Ramadhan kali ini benar-benar berbeda dari tahun sebelumnya. Banyak hal yang berubah. Kami semua harus salat Tarawih di rumah masing-masing. Biasanya Bapak yang menjadi imam, sedangkan aku, Ibu, dan Kakak akan ada di belakangnya sebagai makmum.

Bacaan Bapak lambat sekali. Tarawihnya juga ikut lambat selesai. Bapak tidak seperti Ustadz Arif, yang kalau memimpin salat Tarawih bacaannya pasti cepat. Kalau dengan Bapak, badanku capek. Berkali-kali aku protes supaya salat Tarawihnya lebih cepat lagi, tapi Bapak tidak mau mendengarkan.

“Salat itu yang benar, jangan cari cepatnya aja. Nanti gak khusyuk.”

“Iya. Paham.” Aku hanya mengangguk lalu menunduk dengan mulut yang cemberut.

“Pak, sampai kapan di masjid gak ada buka puasa bersama lagi?” tanyaku mengalihkan pembicaraan.
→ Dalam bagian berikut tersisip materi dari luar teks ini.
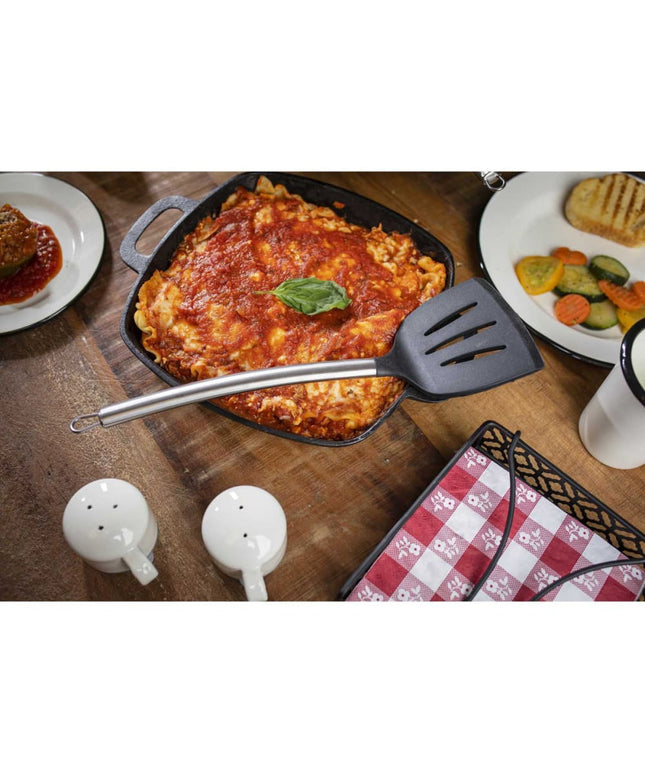 Phới Xẻng Phục Vụ Có Khe Tablecraft CW403 35.6 cm Đầu Silicone Đen Tay Cầm Thép Không Gỉ
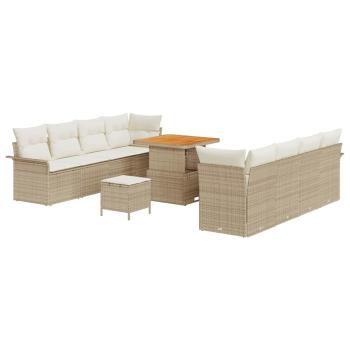 11-teiliges Garten Sofa Set mit Kissen Beige Poly Rattan Akazie, 2-Sitzer Garten Sofa mit Stauraum & Kissen Beige Poly Rattan, 3-teiliges Garten Essbereich Set mit Kissen Beige Poly Rattan Akazie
Selain salat Tarawih yang harus dilakukan di rumah, Ramadhan kali ini juga berbeda karena tidak ada lagi buka bersama di masjid. Aku tidak bisa lagi meminta Bapak untuk membawakan bubur ayam buatan Nenek Sumi. Padahal, aku sudah lama menantikannya.

“Sekarang kita masih gak boleh kumpul-kumpul sama orang. Kita juga gak bisa mengadakan buka puasa bersama karena ini lagi musim wabah.”

Ah, lagi-lagi karena wabah. Kapan akan berakhir? Aku membenci wabah. Aku berdoa semoga nanti dia hilang dari muka bumi.

“Sekarang kamu lebih baik belajar sana sama kakakmu!” suruh Ibu.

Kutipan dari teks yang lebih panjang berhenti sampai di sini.